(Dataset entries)

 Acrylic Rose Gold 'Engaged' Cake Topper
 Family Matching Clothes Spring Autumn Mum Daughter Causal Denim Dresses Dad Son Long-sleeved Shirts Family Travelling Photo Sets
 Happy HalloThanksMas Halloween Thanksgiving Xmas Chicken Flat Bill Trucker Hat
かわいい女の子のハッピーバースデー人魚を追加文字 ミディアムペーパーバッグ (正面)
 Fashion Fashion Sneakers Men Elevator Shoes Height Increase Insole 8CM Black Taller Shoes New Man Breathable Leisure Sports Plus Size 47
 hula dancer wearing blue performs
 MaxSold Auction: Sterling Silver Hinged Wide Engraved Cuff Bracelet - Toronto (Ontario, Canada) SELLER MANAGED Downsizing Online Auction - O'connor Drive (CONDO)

* [TASK DESCRIPTION] Each entry above is to be quoted exactly.

* [OUTPUT FOR THIS TASK]
 Acrylic Rose Gold 'Engaged' Cake Topper
 Family Matching Clothes Spring Autumn Mum Daughter Causal Denim Dresses Dad Son Long-sleeved Shirts Family Travelling Photo Sets
 Happy HalloThanksMas Halloween Thanksgiving Xmas Chicken Flat Bill Trucker Hat
かわいい女の子のハッピーバースデー人魚を追加文字 ミディアムペーパーバッグ (正面)
 Fashion Fashion Sneakers Men Elevator Shoes Height Increase Insole 8CM Black Taller Shoes New Man Breathable Leisure Sports Plus Size 47
 hula dancer wearing blue performs
 MaxSold Auction: Sterling Silver Hinged Wide Engraved Cuff Bracelet - Toronto (Ontario, Canada) SELLER MANAGED Downsizing Online Auction - O'connor Drive (CONDO)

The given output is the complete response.